_PROBLEM TO SOLVE_. From the data below, copy each line that includes the word "Black".

_RECORDS TO USE_.
+ + + +

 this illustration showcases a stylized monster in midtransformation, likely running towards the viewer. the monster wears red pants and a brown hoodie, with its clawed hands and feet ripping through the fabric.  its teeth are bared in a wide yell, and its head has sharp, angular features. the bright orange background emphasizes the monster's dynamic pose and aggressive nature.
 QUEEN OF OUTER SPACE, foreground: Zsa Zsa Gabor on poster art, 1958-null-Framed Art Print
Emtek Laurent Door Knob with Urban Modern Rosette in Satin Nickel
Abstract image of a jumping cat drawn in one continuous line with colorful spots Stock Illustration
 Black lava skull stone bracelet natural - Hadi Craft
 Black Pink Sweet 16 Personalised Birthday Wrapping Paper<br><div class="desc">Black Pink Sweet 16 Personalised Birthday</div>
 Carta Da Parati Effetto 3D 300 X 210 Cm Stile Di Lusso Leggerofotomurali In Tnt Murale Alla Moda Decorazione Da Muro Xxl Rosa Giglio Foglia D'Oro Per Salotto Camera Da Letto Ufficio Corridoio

+ + + +

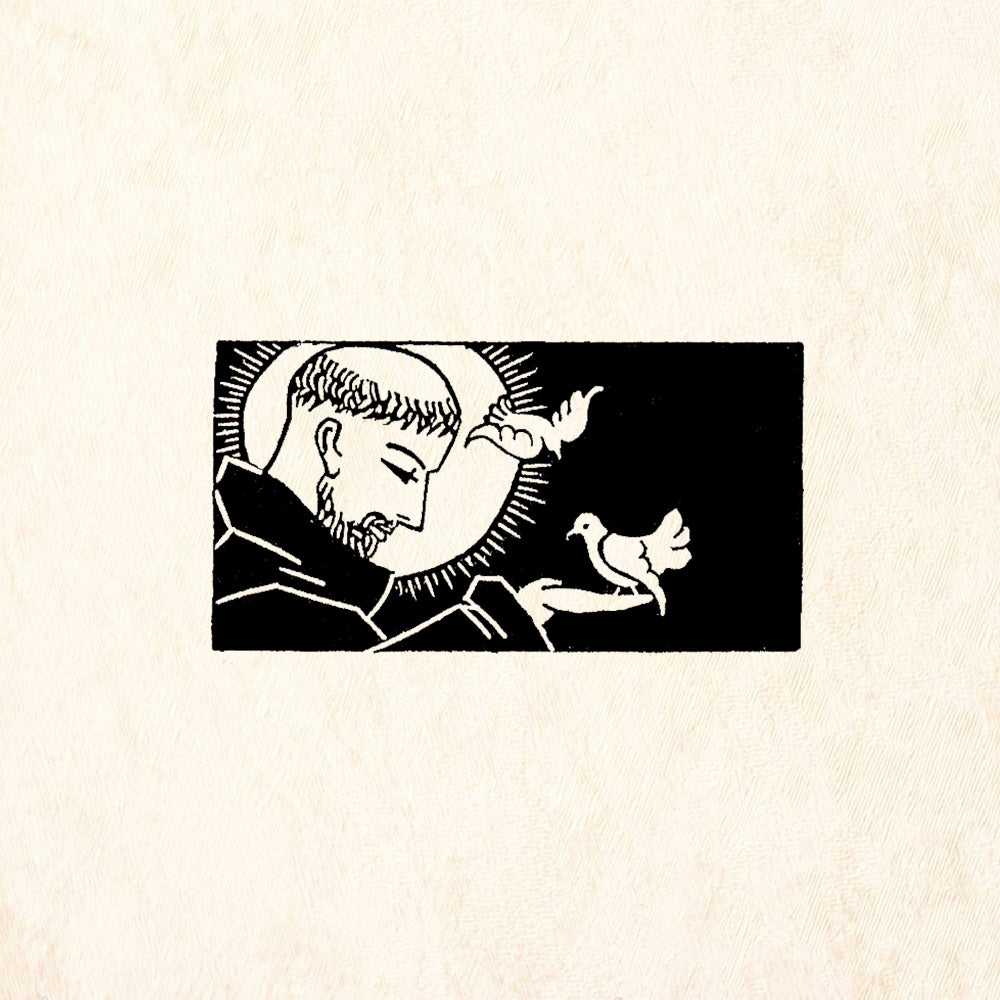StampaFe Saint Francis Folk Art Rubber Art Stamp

+ + + +

_SOLUTION TO THIS PROBLEM_.
 Black lava skull stone bracelet natural - Hadi Craft
 Black Pink Sweet 16 Personalised Birthday Wrapping Paper<br><div class="desc">Black Pink Sweet 16 Personalised Birthday</div>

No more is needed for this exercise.